----- DATA TO PROCESS
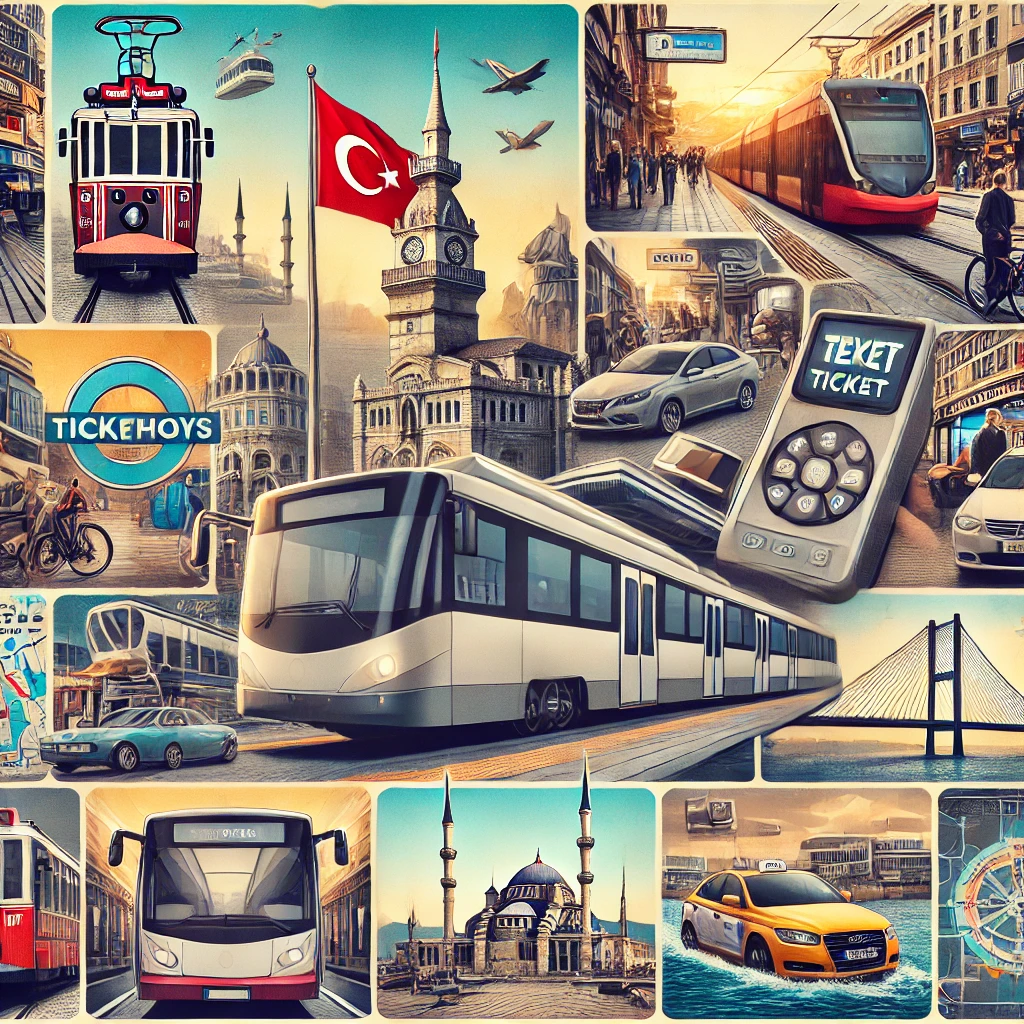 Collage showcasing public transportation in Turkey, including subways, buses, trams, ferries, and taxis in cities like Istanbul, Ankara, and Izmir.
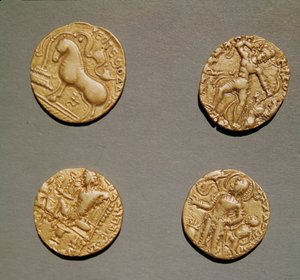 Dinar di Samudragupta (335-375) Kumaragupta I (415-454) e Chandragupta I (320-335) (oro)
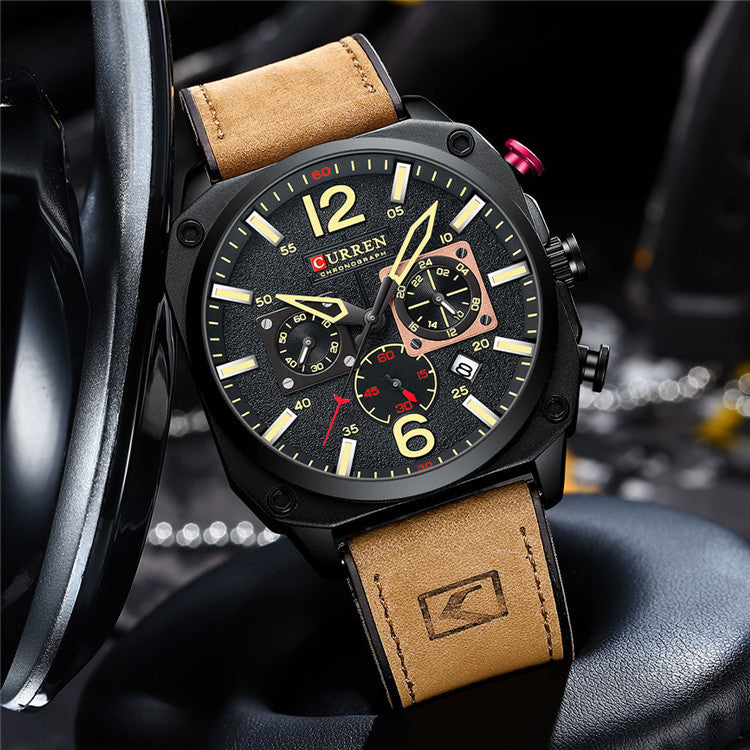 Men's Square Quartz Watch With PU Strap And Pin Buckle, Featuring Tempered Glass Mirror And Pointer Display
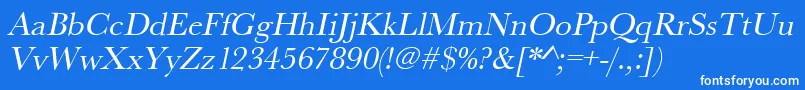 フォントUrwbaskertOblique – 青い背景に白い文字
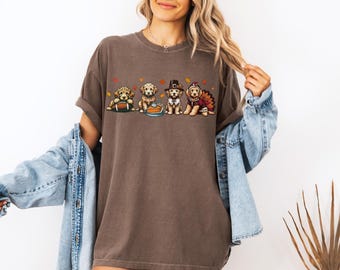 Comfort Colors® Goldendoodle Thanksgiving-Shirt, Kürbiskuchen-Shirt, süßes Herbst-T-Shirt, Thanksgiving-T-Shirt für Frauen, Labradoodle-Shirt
----------
Take each line from the records and copy it unchanged, leaving images out.

TASK ANSWER
 Collage showcasing public transportation in Turkey, including subways, buses, trams, ferries, and taxis in cities like Istanbul, Ankara, and Izmir.
 Dinar di Samudragupta (335-375) Kumaragupta I (415-454) e Chandragupta I (320-335) (oro)
 Men's Square Quartz Watch With PU Strap And Pin Buckle, Featuring Tempered Glass Mirror And Pointer Display
 フォントUrwbaskertOblique – 青い背景に白い文字
 Comfort Colors® Goldendoodle Thanksgiving-Shirt, Kürbiskuchen-Shirt, süßes Herbst-T-Shirt, Thanksgiving-T-Shirt für Frauen, Labradoodle-Shirt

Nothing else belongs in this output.